# Gas Fire Advice



## Hennessy (Oct 6, 2017)

Hi all,

I need a little advice on modern gas fireplaces. I am building a new chalet and have decided to go down the natural gas fireplace route. I would like a contemporary minimal looking long, low and possibly open on front and back. I am not interested in the heat output as it is purely for visual purposes so just want a good flame effect. My questions are;

Do I need a chimney? vent? The room that it will be in is about 350 mt3 with double flux ventilation. So a large open space. 

Do I need a specialist company to make it? Could my gas plumber make it? As I understand it there is a shallow pit with a long gas burner bar with tiny holes running the length of the fireplace. 

The price for a specialist gas company to make a custom fireplace such as in the photo below is extortionate and it looks like a gas plumber and metal worker could make something similar with off the shelf parts for a fraction of the cost. 
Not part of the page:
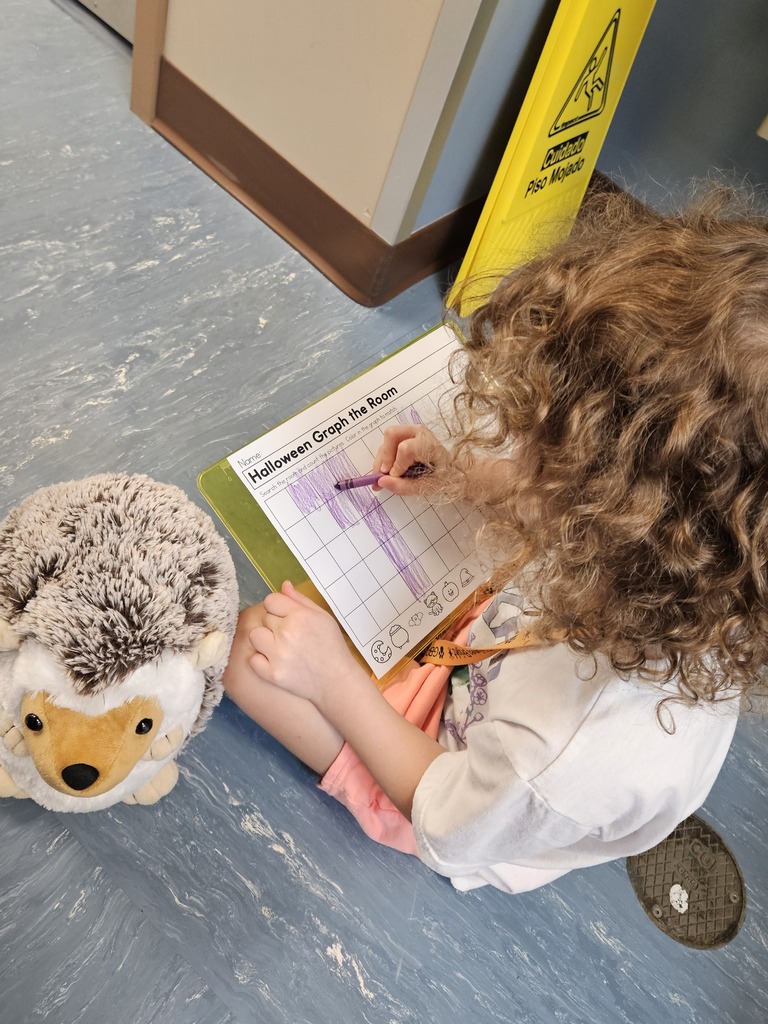 Kindergarten student working hard alongside Hedgie the Hedgehog stuffed animal.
I don't know enough to make a decision right now so would welcome any advice.

Thank you in advance.


----------



## Sodbuster (Oct 6, 2017)

Hi Hennessy, vented gas logs actually burn a little dirty which gives the flame it's yellow color, as if it were burning wood. However, they MUST be vented.  Ventless logs or burners burn cleaner, but probably won't give you the aesthetic effect you are looking for.  I would check with the manufacturer, and get their recommendation, and from there you can figure out what contractor can do the job.


----------



## Hennessy (Oct 9, 2017)

Hi Sodbuster, 

When you say vented are my correct in assuming that this is just a small pipe to extract the co2 and not as such a chimney that takes heat? 


Sodbuster said:


> Hi Hennessy, vented gas logs actually burn a little dirty which gives the flame it's yellow color, as if it were burning wood. However, they MUST be vented.  Ventless logs or burners burn cleaner, but probably won't give you the aesthetic effect you are looking for.  I would check with the manufacturer, and get their recommendation, and from there you can figure out what contractor can do the job.


----------



## Sodbuster (Oct 9, 2017)

Hennessy said:


> Hi Sodbuster,
> 
> When you say vented are my correct in assuming that this is just a small pipe to extract the co2 and not as such a chimney that takes heat?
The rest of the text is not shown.